** Extracted material follows **

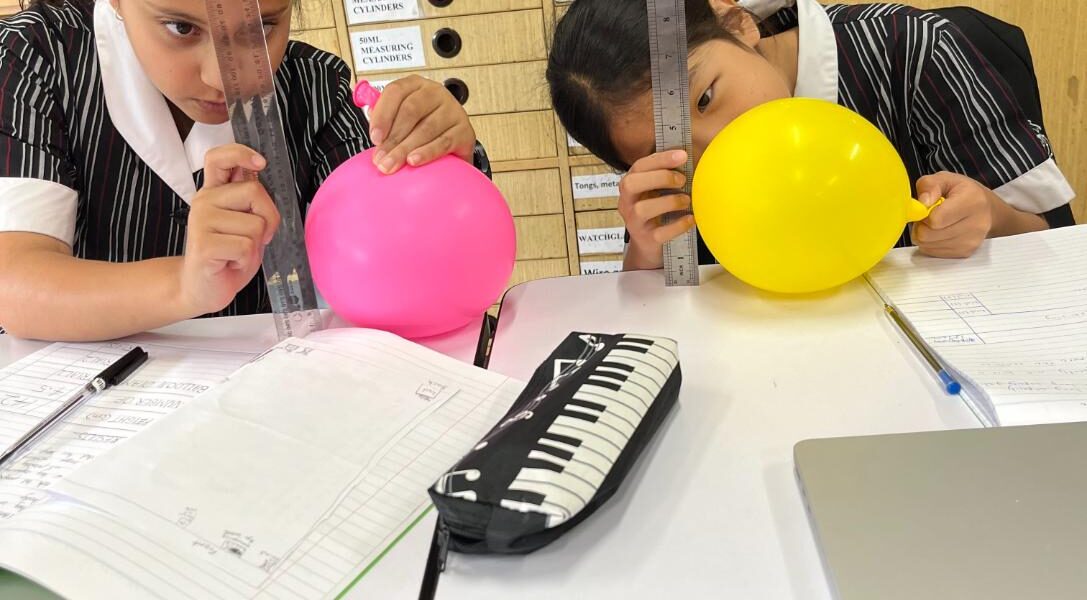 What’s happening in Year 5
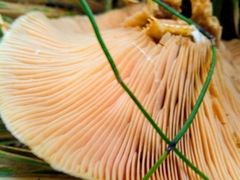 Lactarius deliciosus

** End of Extracted material **
** Extracted material follows **

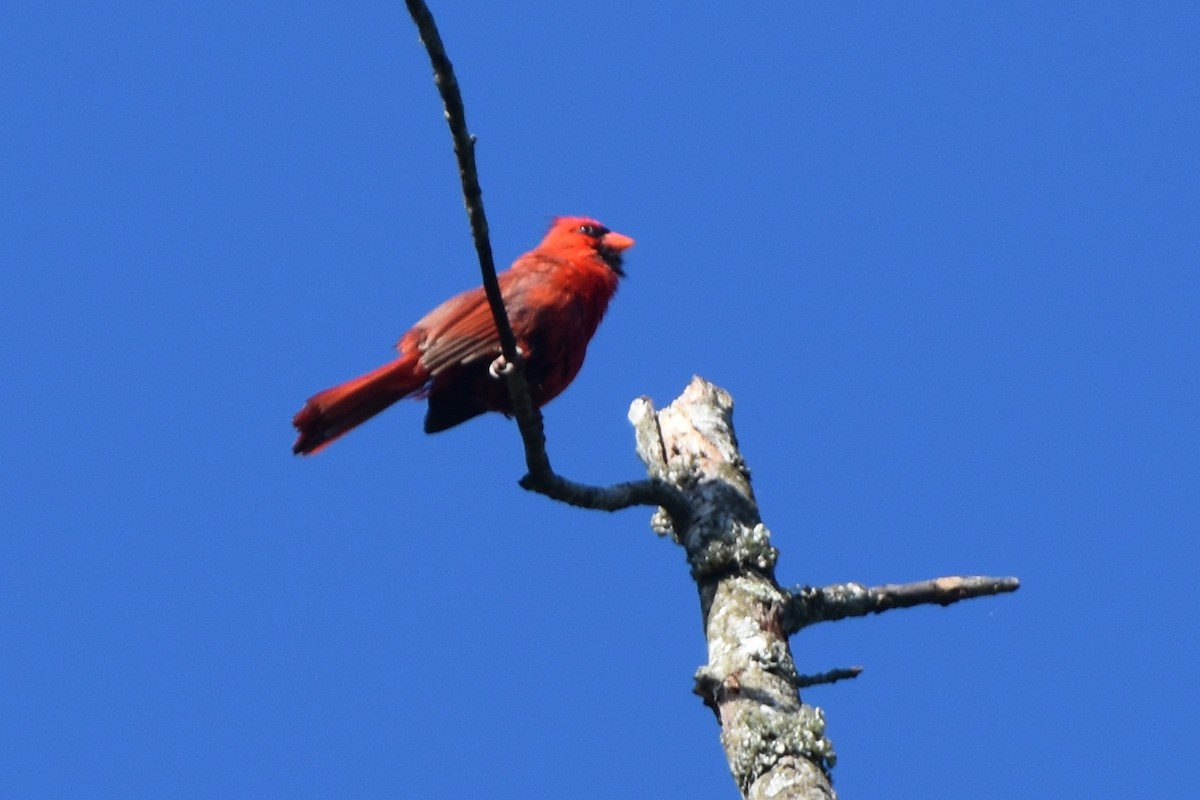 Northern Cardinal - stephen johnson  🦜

** End of Extracted material **
** Extracted material follows **

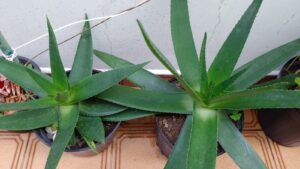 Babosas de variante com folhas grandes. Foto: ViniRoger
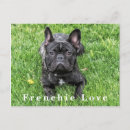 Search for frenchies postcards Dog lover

** End of Extracted material **

§ **Exercise objective**
In the listing above, find the line with "Babosas de variante" and output it and every line after it up to and including the line with "Search for frenchies postcards Dog lover", exactly, minus the pictures.

§ **Exercise response**
 Babosas de variante com folhas grandes. Foto: ViniRoger
 Search for frenchies postcards Dog lover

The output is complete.